Adding R Functions to Package
Add an R script to the 'R' directory in the project, or similarly use the `use_r('filename') function to create the script.
Create a function in the R script like so:
# This function creates a summary for a character vector
char_summary <- function(x, na.rm=FALSE){
length = length(x)
Nmiss = sum(is.na(x))
Nunique = length(unique(x))
c(length = length,
Nmiss = Nmiss,
Nunique = Nunique )
}
You can also remove the example R script R/hello.r and it's manual page man/hello.Rmd which were added by default.
Now instead of using source()
as we usually would, use the load_all()
function from devtools
to load all the functions in this package.
If @export
is used in the function then it becomes visible to users, otherwise it is only used as an internal function.
Checking Packages
Use the devtools::check()
function to ensure the package works and correctly passes all requirements. It should return with no errors and no warnings. It may give a warning because there are undocumented functions in our package. We will fix this later.
Documentation
Each function in R must contain a help topic. R package roxygen2
allows for writing special comments at the start of each function to create documentation.

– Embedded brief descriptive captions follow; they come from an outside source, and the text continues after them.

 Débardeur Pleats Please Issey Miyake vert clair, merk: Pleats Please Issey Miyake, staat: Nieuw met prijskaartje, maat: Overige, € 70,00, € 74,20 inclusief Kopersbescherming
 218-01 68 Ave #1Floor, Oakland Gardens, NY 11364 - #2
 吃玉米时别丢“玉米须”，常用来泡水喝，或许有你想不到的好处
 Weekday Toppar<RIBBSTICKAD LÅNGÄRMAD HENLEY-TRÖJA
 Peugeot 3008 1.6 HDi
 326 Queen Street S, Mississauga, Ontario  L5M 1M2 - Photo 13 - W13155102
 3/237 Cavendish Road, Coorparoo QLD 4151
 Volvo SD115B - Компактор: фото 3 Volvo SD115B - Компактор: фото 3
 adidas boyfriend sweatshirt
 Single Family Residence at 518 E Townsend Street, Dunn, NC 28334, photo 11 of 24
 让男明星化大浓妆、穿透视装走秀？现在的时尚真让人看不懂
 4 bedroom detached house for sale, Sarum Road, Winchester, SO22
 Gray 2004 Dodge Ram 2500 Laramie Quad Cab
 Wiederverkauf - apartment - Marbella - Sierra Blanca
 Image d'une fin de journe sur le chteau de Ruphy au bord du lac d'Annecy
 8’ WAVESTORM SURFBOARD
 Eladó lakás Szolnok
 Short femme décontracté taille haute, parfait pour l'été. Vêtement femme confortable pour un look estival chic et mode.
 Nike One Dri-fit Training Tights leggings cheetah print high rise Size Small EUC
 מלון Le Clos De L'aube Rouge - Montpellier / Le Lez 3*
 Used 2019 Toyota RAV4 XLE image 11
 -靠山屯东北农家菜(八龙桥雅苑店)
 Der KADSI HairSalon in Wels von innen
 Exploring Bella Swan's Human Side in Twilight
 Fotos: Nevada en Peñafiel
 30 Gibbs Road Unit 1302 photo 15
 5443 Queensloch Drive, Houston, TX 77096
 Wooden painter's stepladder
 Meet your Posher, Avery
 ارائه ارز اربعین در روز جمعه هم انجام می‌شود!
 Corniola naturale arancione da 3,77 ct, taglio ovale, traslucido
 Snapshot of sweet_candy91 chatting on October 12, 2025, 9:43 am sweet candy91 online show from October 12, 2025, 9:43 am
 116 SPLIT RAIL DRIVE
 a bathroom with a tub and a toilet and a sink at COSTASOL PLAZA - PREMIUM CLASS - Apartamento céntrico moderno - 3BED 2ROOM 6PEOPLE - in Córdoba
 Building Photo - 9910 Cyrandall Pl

To insert documentation skeleton into RStudio click inside a function then go to the code menu and select Insert Roxygen Skeleton
. This should generate a comment at the top of the function.
Running devtools::document()
to generate an .Rd file and update the description file. If you get an error about NAMESPACE then delete the NAMESPACE file generated by default and run it again.
Now that our package documentation is available we can run load_all()
then ?char_summary
to read the generated documentation.
Documentation can also be formatted and supports Markdown. See the roxygen2 documentation. Never start project or function descriptions with "This package..." or "This function...".
A Vignette is a long-form guide to your package. To see the existing vignette for a specific package execute: browseVignettes("packageName")
. There could be multiple vignettes or just one for the whole package. To add a vignette use use_vignette('mypackage')
. This will modify the DESCRIPTION file to add knitr
as a suggestted dependency and create a vignettes/ directory. Once the documentation is finished build the vignettes with build_vignettes()
which creates the doc/ subdirectory that contain the html files.
A README.md file may also be added to provide high-level descriptions and goals which can be read from the github repo.
Publishing
To initalize a git repo execute use_git()
, it will prompt you to set up then restart RStudio. To publish the package on GitHub run use_github()
. Once the package is ready others can install it with devtools::install_github('myuser/mypackage')
Here is a sample .gitignore files of the usual files excluded from any R package:
# History files
.Rhistory
.Rapp.history
# Session Data files
.RData
.RDataTmp
# User-specific files
.Ruserdata
# Example code in package build process
*-Ex.R
# Output files from R CMD build
/*.tar.gz
# Output files from R CMD check
/*.Rcheck/
# RStudio files
.Rproj.user/
# produced vignettes
vignettes/*.html
vignettes/*.pdf
# OAuth2 token, see https://github.com/hadley/httr/releases/tag/v0.3
.httr-oauth
# knitr and R markdown default cache directories
*_cache/
/cache/
# Temporary files created by R markdown
*.utf8.md
*.knit.md
# R Environment Variables
.Renviron
# pkgdown site
docs/
# translation temp files
po/*~
# RStudio Connect folder
rsconnect/
Submission to CRAN
CRAN submission is very strict, make sure the package is checked and tested thoroughtly! Check Prepare for CRAN for details, and use the submission form.